41. The Refereed Literature • What it isn’t: Wikipedia and other encyclopedias, newspapers, magazines, web pages, lecture notes… • What it is • Scientific studies written by practicing scientists • Peer reviewed: 30-70% of papers are rejected by expert reviewers who judge the information less-than-reliable • Expensive to produce: you won’t find it on Google • Published in “journals”

42. Finding Literature • Must have access to expensive databases • R-MC library pays thousands per database so that you can search for free! Link

43. Finding literature • Accessing databases in the Biology subject area: Start with this one

44. Developing a Search Strategy • Learn to develop good search terms and to string them together appropriately:

45. Saving your references • View and select good articles, then email the citations to yourself. ILL to get full article

46. Formatting References • Next section after Acknowledgements • Alphabetical order based on first author’s last name. • “Hanging” first line Peterman, R.M. 1982. Model of salmon age structure and its use in preseason forecasting and studies of marine survival. Canadian Journal of Fisheries and Aquatic Sciences 39: 1444-1452. Note: In MSWord, use “Format paragraph”, NOT tabs, spaces, returns, etc.

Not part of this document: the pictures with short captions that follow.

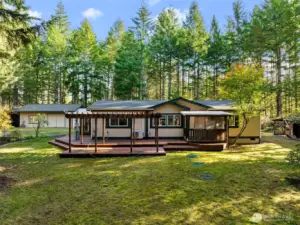 Sitting on 1.21 secluded acres,  fully fenced with gate, covered entry both front and back. Extensive decking surrounds home, ideal for outdoor living.  Large detached garage shop with carport and ample shed as well.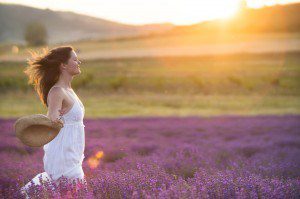 Beautiful young healthy woman with a white dress running joyfully through a lavender field holding a straw hat under the rays of the setting sun.
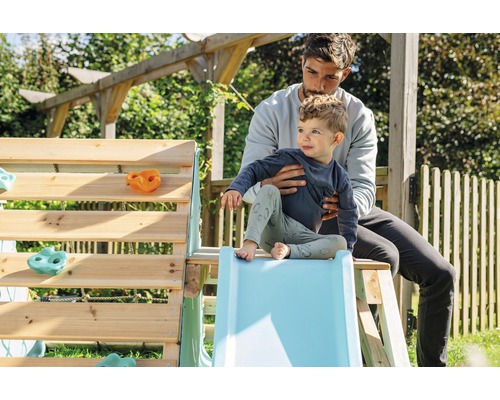 Vater und Kind am Klettergerüst mit Rutsche im Garten.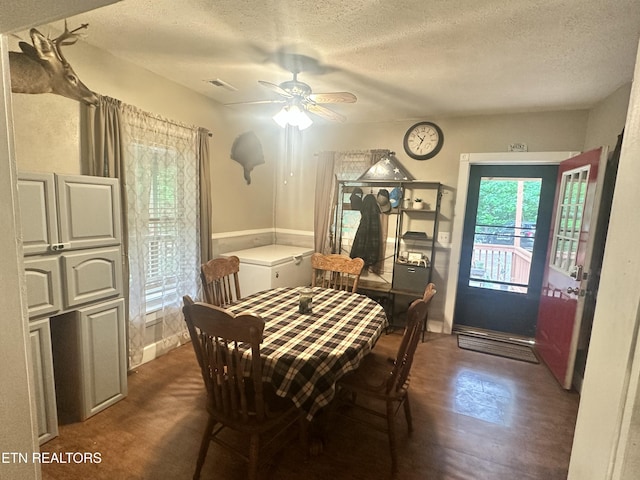 dining area with a textured ceiling and a ceiling fan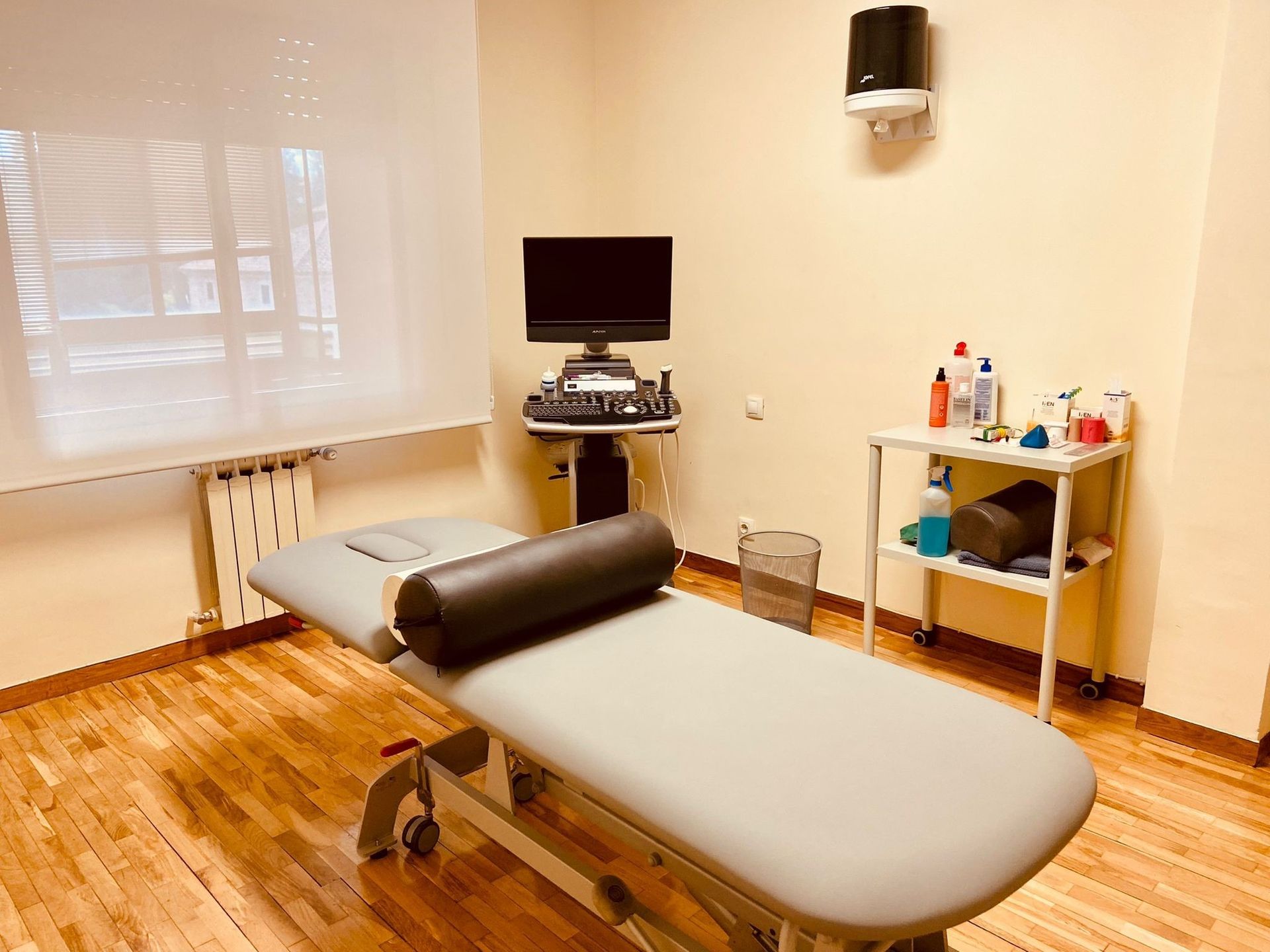 Una habitación con una cama, una computadora y una ventana.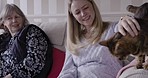 Family, love and cat with a senior woman and adult daughter stroking a pet on a sofa in a house living room together. Animal, visit and relationship with a female and mother in a retirement home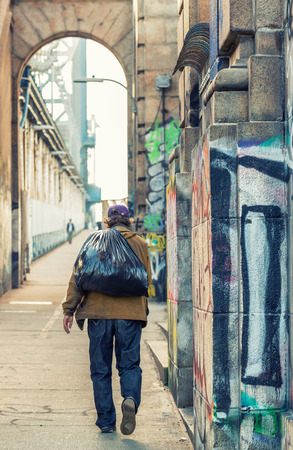 Homeless walking along Manhattan Bridge, New York City.の写真素材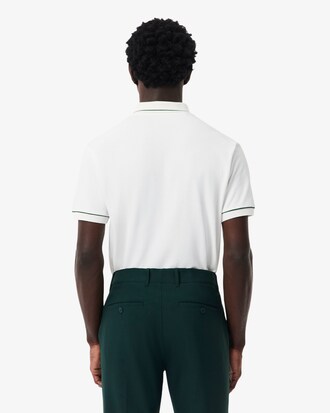 Polo de golf de minipiqu&eacute; termorregulador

47. Formatting References • General format: • author(s), year, article title, journal name, volume, pages. • Exact format depends on the journal if publishing or professor if turning in for grade. Peterman, R.M. 1982. Model of salmon age structure and its use in preseason forecasting and studies of marine survival. Canadian Journal of Fisheries and Aquatic Sciences 39: 1444-1452.

48. Formatting References • Nit-picky rules are very important • No capitalization of article title. • No italics or underline (unless scientific name) • Pay attention to exact punctuation • Volume number, but not issue. Peterman, R.M. 1982. Model of salmon age structure and its use in preseason forecasting and studies of marine survival. Canadian Journal of Fisheries and Aquatic Sciences 39: 1444-1452.

49. Citing References • Refer to all sources of information that you used in your paper. • All sources in a reference list must be cited in the paper and vice versa. • Cite: books, journal articles, etc. (Refereed or peer reviewed) • Sometimes: Cite any persons from whom you obtained information as “personal communication”

50. Additional information about citing references • Citation of a reference does not entitle you to “lift” passages of text. • Direct quotations must be set off by quotation marks. • Minimize exact quotations; extended quotes in science papers are rare! • Best to digest the information and present it in your own words.